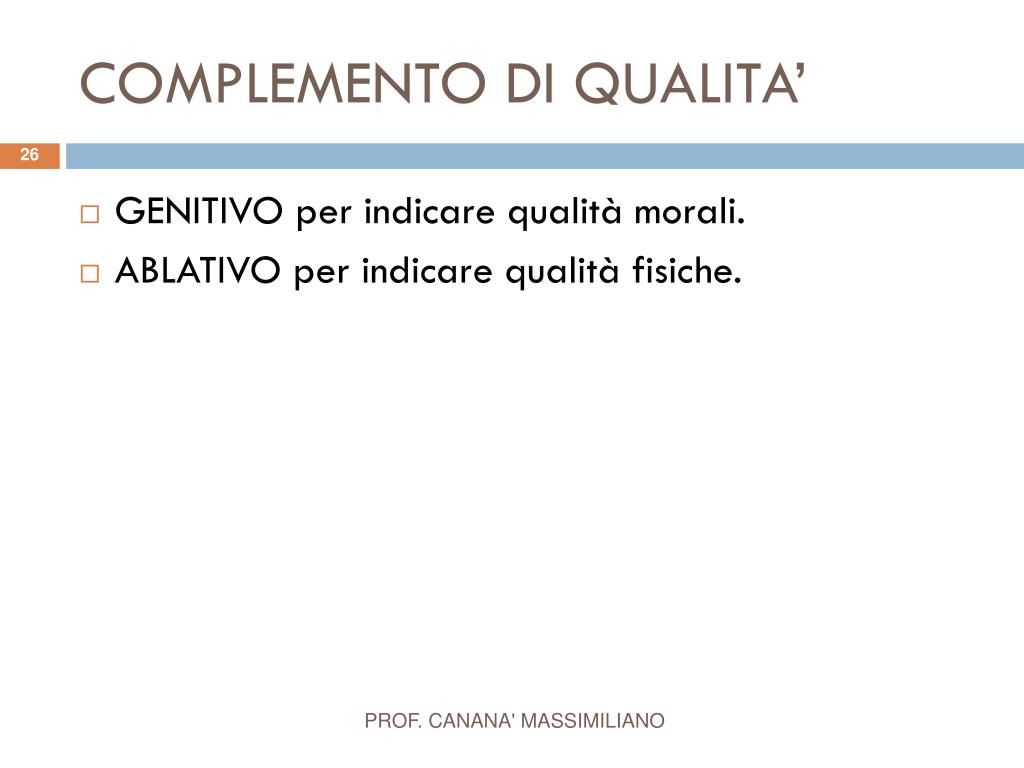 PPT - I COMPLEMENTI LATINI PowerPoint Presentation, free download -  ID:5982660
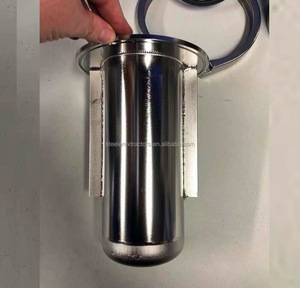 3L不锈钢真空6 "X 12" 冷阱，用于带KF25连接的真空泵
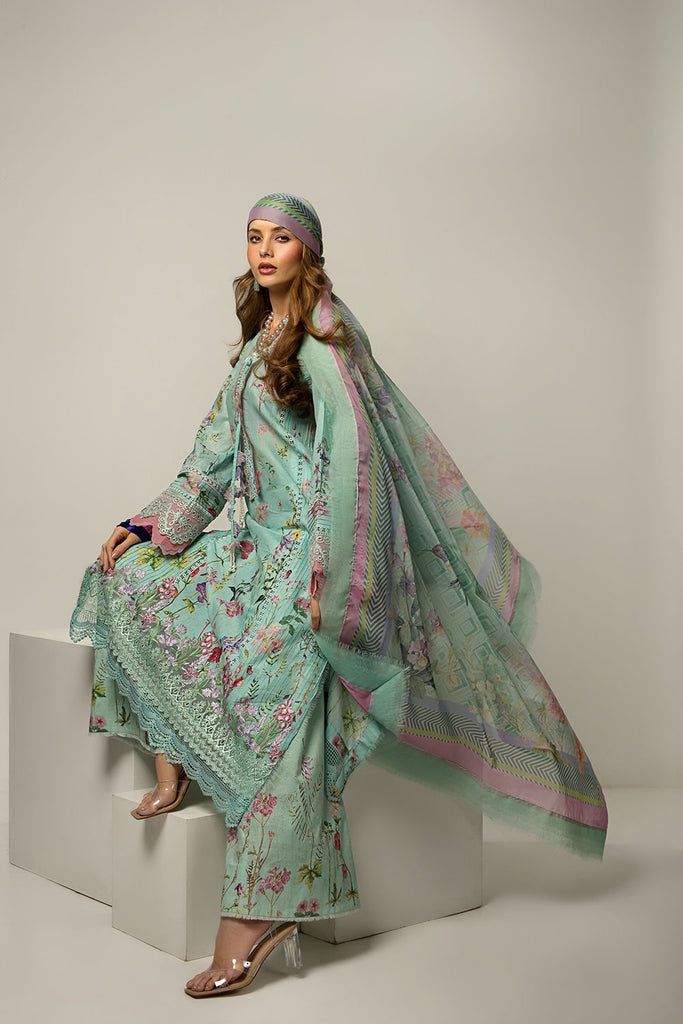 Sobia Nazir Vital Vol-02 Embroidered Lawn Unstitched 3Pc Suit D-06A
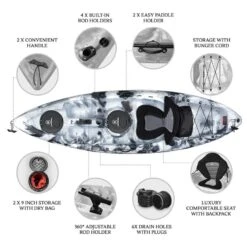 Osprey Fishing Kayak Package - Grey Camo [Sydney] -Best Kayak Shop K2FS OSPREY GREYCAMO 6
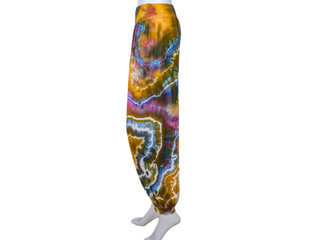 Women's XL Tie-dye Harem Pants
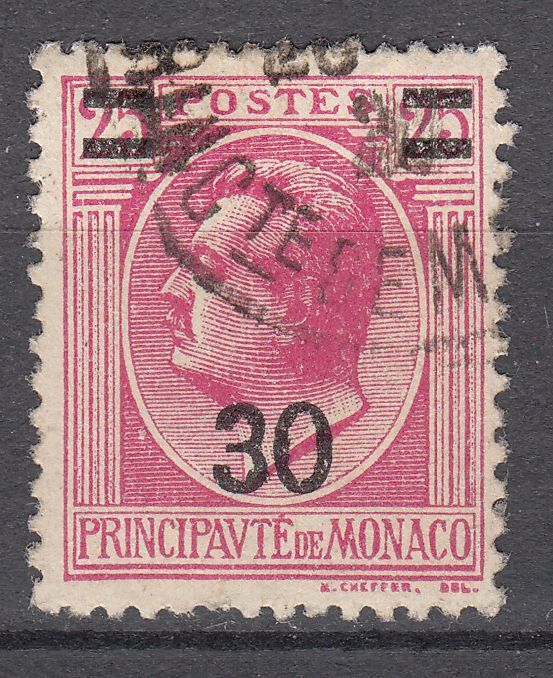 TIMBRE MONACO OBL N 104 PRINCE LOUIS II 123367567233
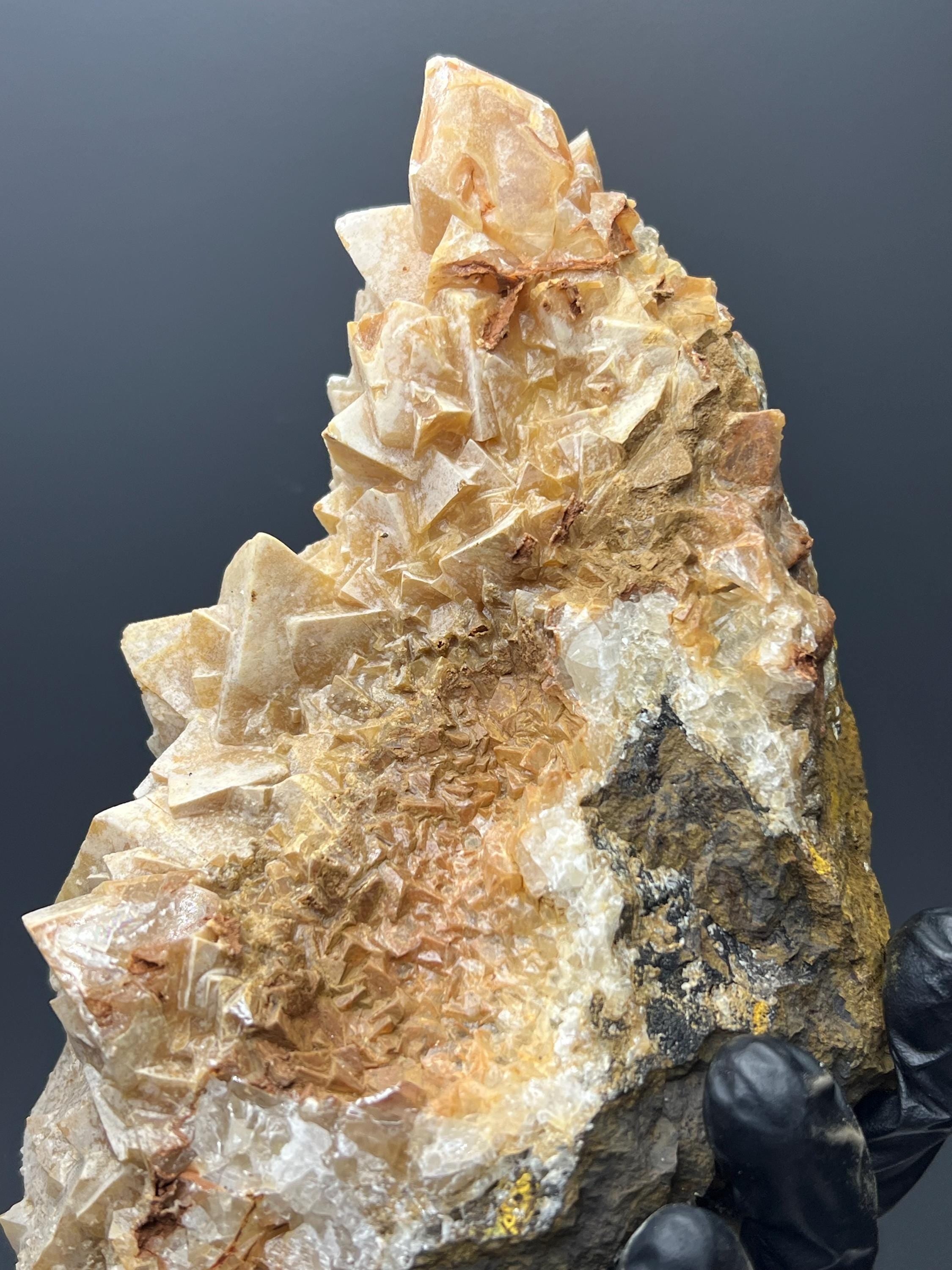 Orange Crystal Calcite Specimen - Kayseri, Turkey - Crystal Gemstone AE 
◇ ◇ ◇
What is wanted is the listing, written out exactly, with each picture removed.

**ANSWER TO THIS TASK**
 PPT - I COMPLEMENTI LATINI PowerPoint Presentation, free download -  ID:5982660
 3L不锈钢真空6 "X 12" 冷阱，用于带KF25连接的真空泵
 Sobia Nazir Vital Vol-02 Embroidered Lawn Unstitched 3Pc Suit D-06A
 Osprey Fishing Kayak Package - Grey Camo [Sydney] -Best Kayak Shop K2FS OSPREY GREYCAMO 6
 Women's XL Tie-dye Harem Pants
 TIMBRE MONACO OBL N 104 PRINCE LOUIS II 123367567233
 Orange Crystal Calcite Specimen - Kayseri, Turkey - Crystal Gemstone AE 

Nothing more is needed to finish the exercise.